More such shots followed. On the par-3 ninth he was on the bank of a bunker and broke away from the flag, skillfully using the slope to get it down to 2m for another big save. And then he clipped a throw from a tight lie to the left of the 11th green to four feet for par.
The signature shot was his 282-yard fairway metal on the par-5 14th to 20 feet that yielded a two-putt birdie, giving Clark a three-shot lead with four to play.
But he made the only bogey of the day on the par-3 15th, then found a bunker to the left of the 16th fairway and hit his putter with his hand when he missed a 2-yard par putt. His lead was reduced to one shot, he bounced up and down from the left side of the 17th green to keep the lead.
The USGA allowed thousands of fans to circle the fairway short of the 18th green with so few bleachers, creating a major theater for Clark’s finish.
Fowler, still chasing his first major, returned to the 18th green to hug Clark.
“I went back in and just said, ‘Your mom was with you.

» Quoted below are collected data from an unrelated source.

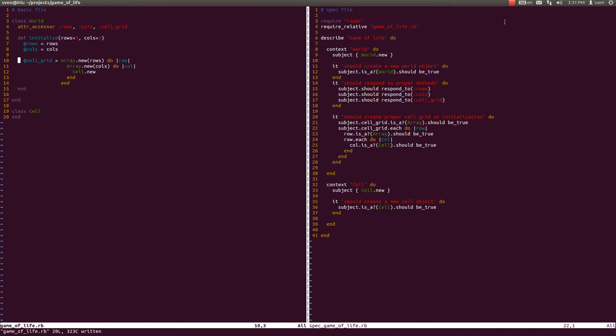Hello and welcome back to coding Game of Life in Ruby. In the last video we defined the cell grid with the ArrayInception thingy and we defined the new cell class. In this video we're going to expand on this cell class and start implementing the rules of the game.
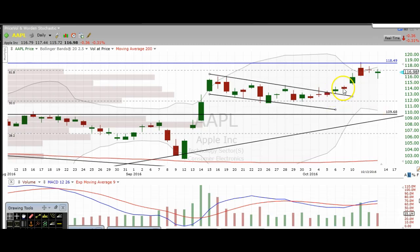Hi traders, thanks for stopping by TheTradingAnalyst.com. This is Taylor and we're going to go over a bunch of charts here. I'm going to give my analysis and go over my thought process. The idea is hopefully you can garner some education as well as potentially some profitable trade alerts from these videos.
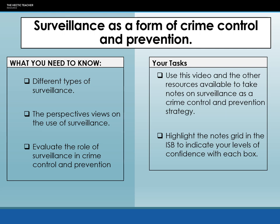This lecture is going to take you through surveillance as a form of crime control and prevention. It's going to look at the different types of surveillance in modern society, the different views on the use of surveillance in society, and then evaluate the role that surveillance plays in terms of crime control and prevention.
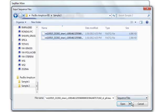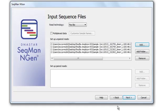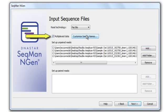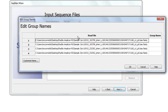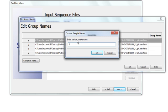As you can see, I'm adding data for multiple samples, and since I'm interested in multi-sample SNP analysis, I'm going to check the box next to Multiplex Data, and then click Customize Sample Names. Here I can specify which samples correspond to which files simply by double-clicking on the file name, and then typing in the sample name.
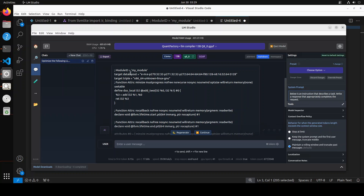Scrolling through the output: we have the module ID and target data layout, which specifies how data is arranged and accessed in memory. The target triple specifies the target architecture — in our case x86_64, meaning it is targeting a 64-bit architecture running on Linux. Then we have the function definition, where various attributes are applied to inform the compiler about optimizations such as min size.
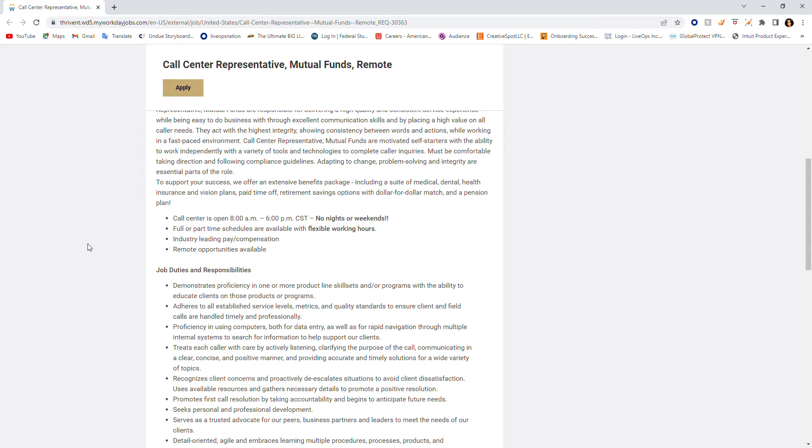To support your success, they offer an extensive benefits package which includes a suite of medical, dental, health insurance, and vision plans, paid time off, retirement savings options with dollar for dollar match and a pension plan. That sounds good, right?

She would be very proud,'” Fowler said.
Clark finished 10-under 270 and along with $3.6 million – his second such cash in the past six weeks – moves him into second place in the Ryder Cup standings.
Smith shot 67 to finish fourth. Tommy Fleetwood became the first player with two rounds of 63 in the US Open and tied for fifth place with Fowler and Min Woo Lee (67). Fleetwood also shot 63 at Shinnecock Hills in the final round of 2018.